El último día del viaje había
llegado, y como siempre había que aprovechar hasta el final. Bien temprano me
dirigí a la plaza de Tiananmen. Al llegar allí el dispositivo de seguridad
montado es espectacular, al contrario de el sistema de señalización, solamente
en chino. Estuve diez minutos en una cola hasta que alguien me dijo que esa era
solo para ir a la plaza, que si quería entrar en la Ciudad Prohibida tenía que
ir a otro sitio. En la nueva cola miraban a los chinos con lupa. A los tres
occidentales que éramos nos dijeron que pasáramos directamente. Nos pidieron el
pasaporte pero ni lo comprobaron ni nada.
Estuve un rato dando una vuelta a la plaza, perdido en esa inmensidad, hasta que ya me acerqué a la Ciudad Prohibida, atravesando un paso subterráneo. Allí cogí una audioguía que no me sirvió para mucho. Yo estaba extrañado, porque había atravesado ya tres patios y todavía no me había pedido la entrada. Y es que realmente no había llegado a entrar. Aquello es inmenso.
Fue deambulando por los distintos patios hasta llegar a la salida norte. Salí con sensación de estar desubicado, de las dimensiones de todo. Como si estuviera fuera de lugar.
Al salir me dirigí a la popularmente llamada colina del carbón (Parque Jingshan), desde donde se ven las vistas de la Ciudad Prohibida.
Una vez sacadas las fotos de rigor fui al parque BeiHai, que está justo al lado. Era cerca de la una. Este parque me gustó mucho y lo estuve recorriendo un buen rato.
Desde aquí me acerqué al templo de los Lamas, ya en metro. Me sorprendió un montón el fervor que mostraban en este templo, que yo pensaba que era más pequeño, pero es relativamente extenso.
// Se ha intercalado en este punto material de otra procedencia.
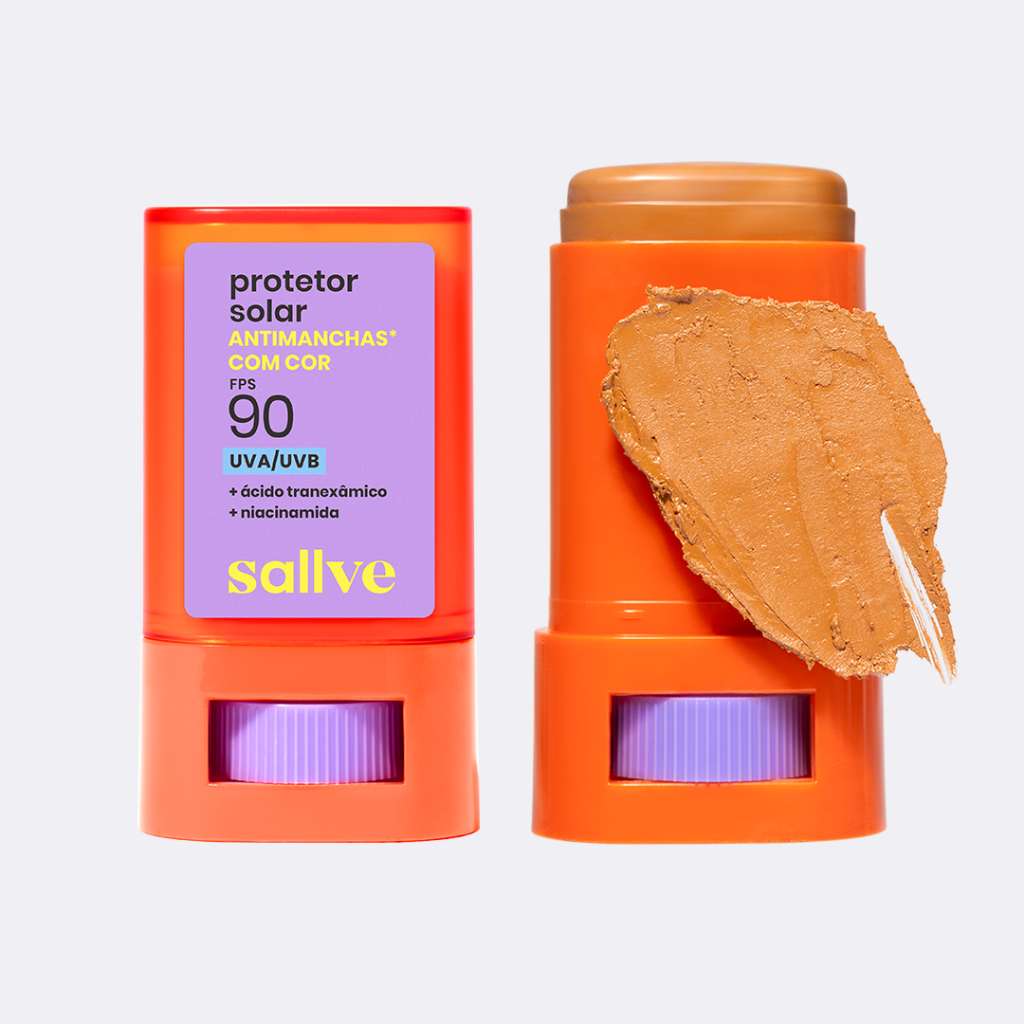 Sallve Protetor Solar Bastão Antimanchas FPS90 com cor 6 15g em Oferta na Shopee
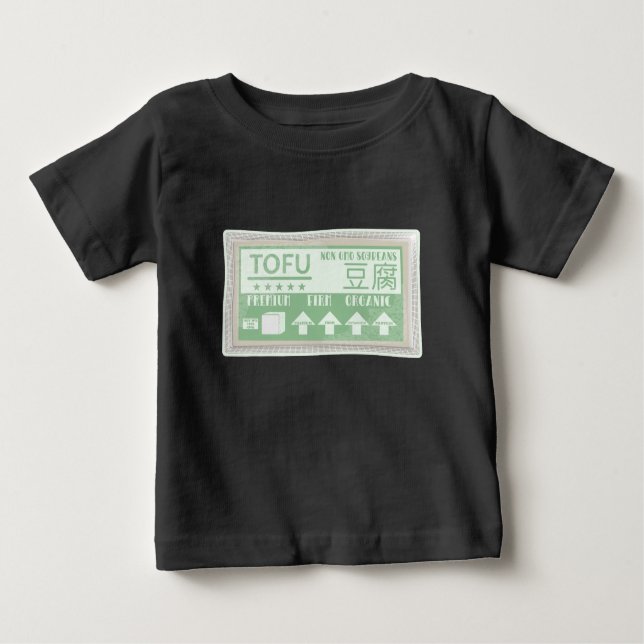 Camiseta Para Bebê Tofu Vegan comida Vegetariana (Frente)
Y ya, por último, el templo del Cielo.
Ahora sí, esto se había acabado. Después de descansar un par de horas en el hotel, coincidí con una pareja en la entrada del hotel, que por la pinta parecían españoles, que tenían las maletas recién embaladas, y les pregunté que si iban al aeropuerto y les importaba compartir transporte. Ellos, muy majos, no solo aceptaron, sino que me invitaron.